Baik Pita dan Chatarina mengakui, banyak tantangan yang mereka dihadapi. Berbagai kasus sengketa informasi melibatkan banyak pihak dari kepolisian hingga lembaga daerah menjadi hal biasa baginya. Dalam hukum, tidak ada yang namanya perbedaan perempuan dan laki-laki, jika tidak kompeten dibidangnya maka akan sulit menghadapi persoalan yang ada.
“Bagi kita, ini bukan halangan. Perempuan atau tidak, kita berjuang dalam bidang kita masing-masing. Perempuan duduk di dalam sidang, apalagi yang berjuang agar informasi bisa transparan sehingga literasi bisa terjadi. Menjadi kehormatan tersendiri dan saya, sebagai seorang perempuan pastinya bangga,” ungkap Chatarina.
Akses informasi yang sulit membuat banyak perempuan tidak bayak yang paham apa yang menjadi hak mereka. Perempuan adalah korban pertama ketika informasi sulit mereka dapat.
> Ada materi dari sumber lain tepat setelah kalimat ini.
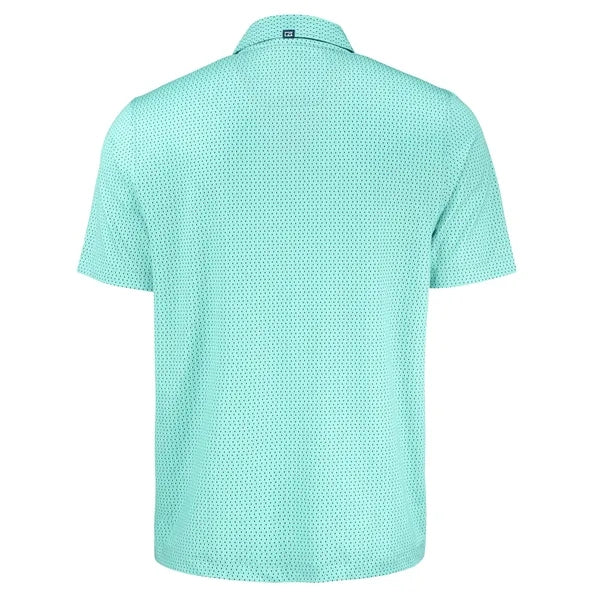 Cutter & Buck Pike Recycled Shadow Check Print Mens Polo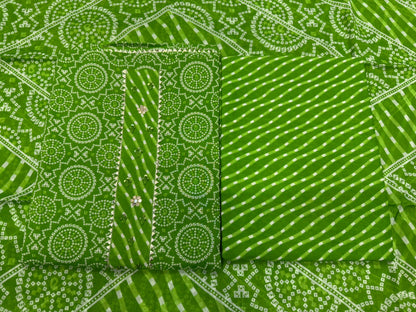 Cotton Embroidery Suit with Cotton Dupatta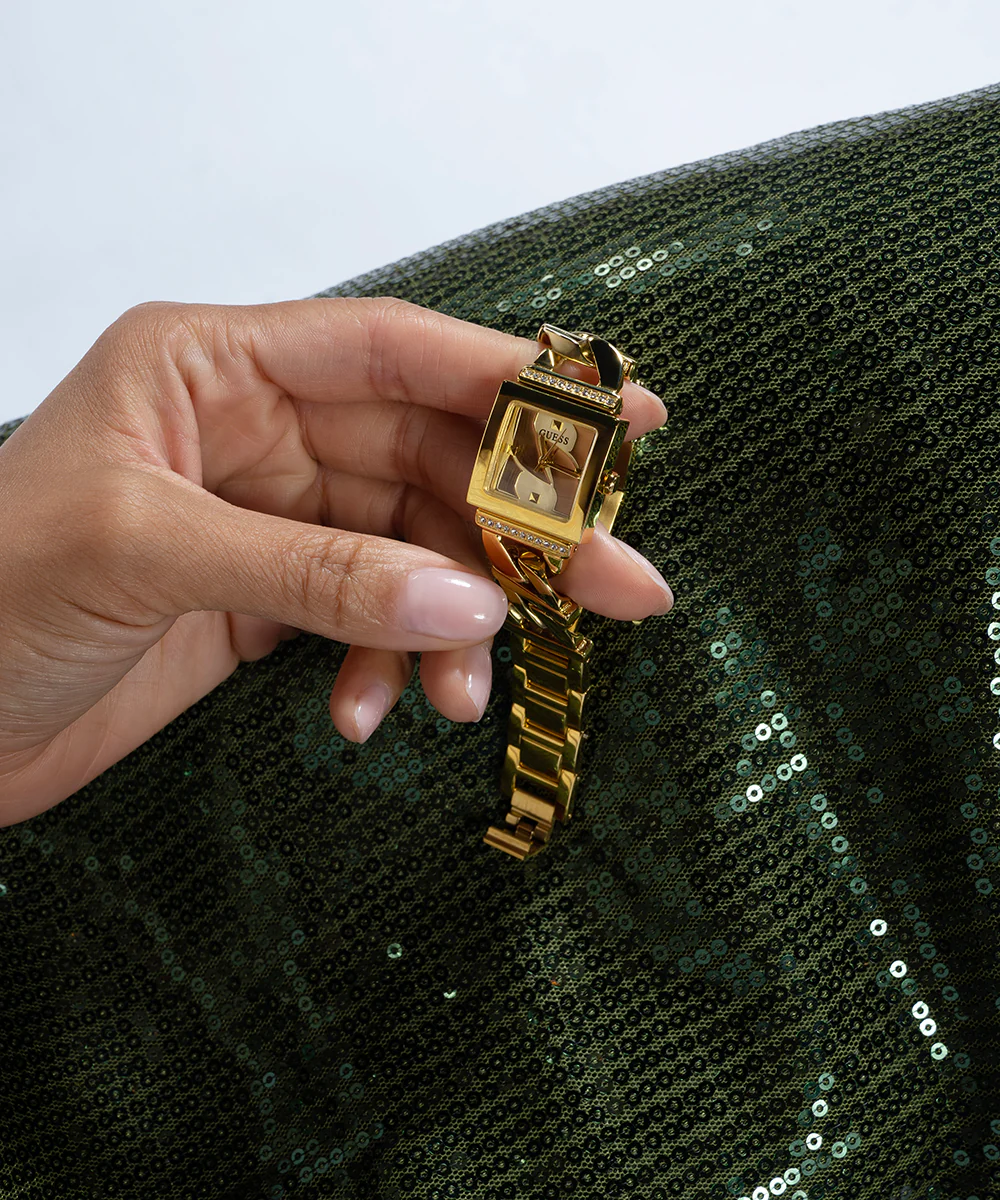 GUESS Ladies Gold Tone Analog Watch - Image 7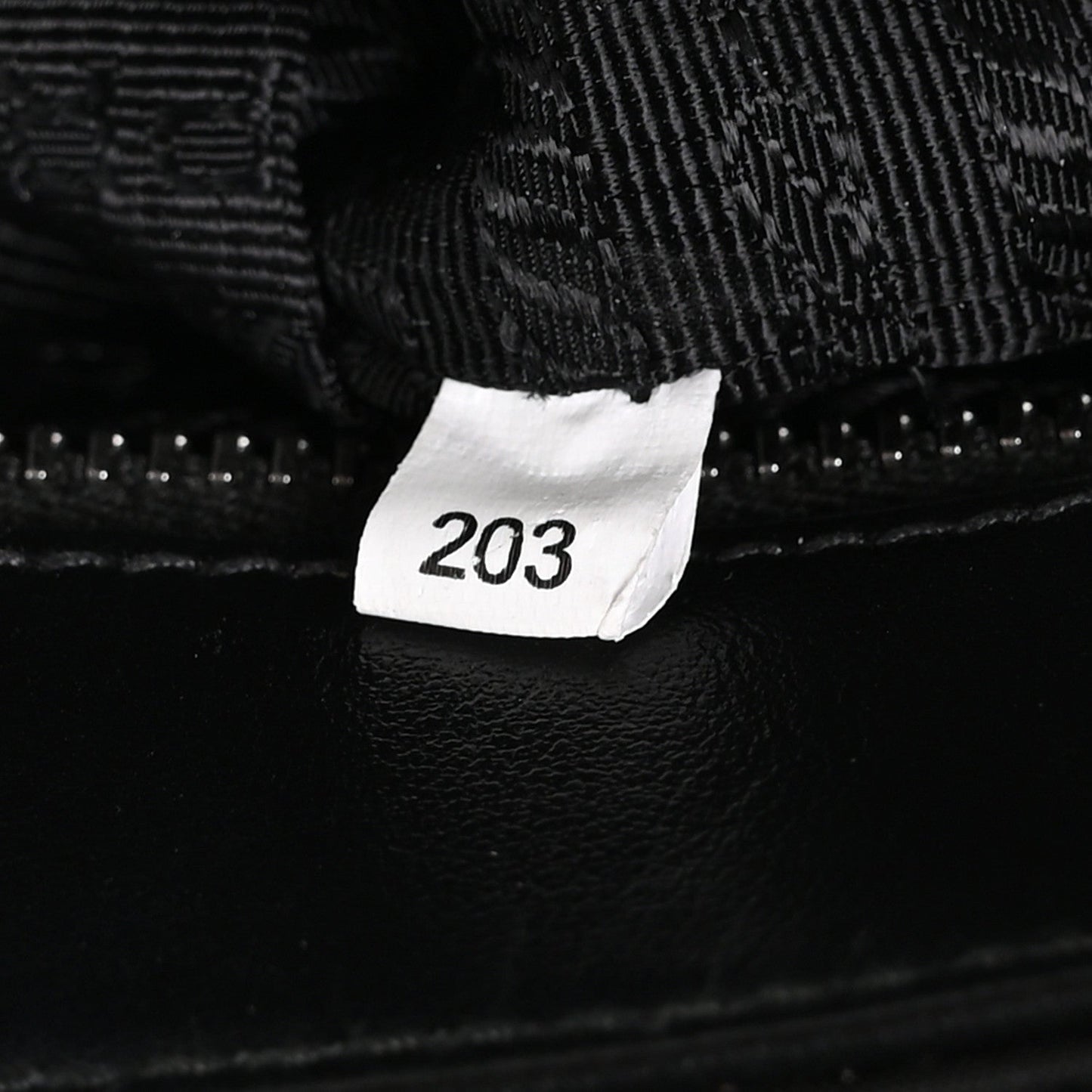Saffiano Tessuto Nylon Chain Shoulder Bag Black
Ini merupakan perjuangan perempuan dalam memastikan informasi, terutama yang bersifat publik bisa mereka akses.
Dengan tugas yang seabrak tidak membuat dua srikandi ‘kembar’ ini lelah, mereka cukup aktif dalam mesosialisaiskan di tingkat kota, kabupaten hingga desa pelosok Kalbar.
Belum lagi sosialisasi antar pulau di sejumlah daerah pedalaman Kalbar menjadi dedikasi sekaligus hiburan manis di tengah pesan-pesan edukasi yang mereka bawa. Bertemu banyak pihak, organisasi kepemudaan, perempuan maupun lintas agama, menjadikan mereka kaya akan pengalaman. Lebih memahami persoalan masyarakat pelosok akan kebutuhan informasi.
Saat ini banyak kerja-kerja penguatan informasi dan literasi menjadi pekerjaan rumah, mengingat kawasan Kalbar yang luas, ditambah jalur transportasi dan komunikasi yang masih sulit.
Warga pedalaman sama nasibnya dengan warga yang tinggal di perbatasan Kalbar-Malaysia. Mereka membutuhkan informasi untuk kelancaran kerja dan tugas mereka.
Bagi Pita dan Chatarina, ini adalah tugas wajib mereka saat terpilih menjadi komisioner KI Kalbar. Bukan hanya tugas, tapi dedikasi dalam memberikan kebutuhan informasi publik warga. Meskipun ke depan akan lebih banyak tantangan. Seperti ungkapan Kartini dalam bukunya ‘Habis Gelap, terbitlah terang’.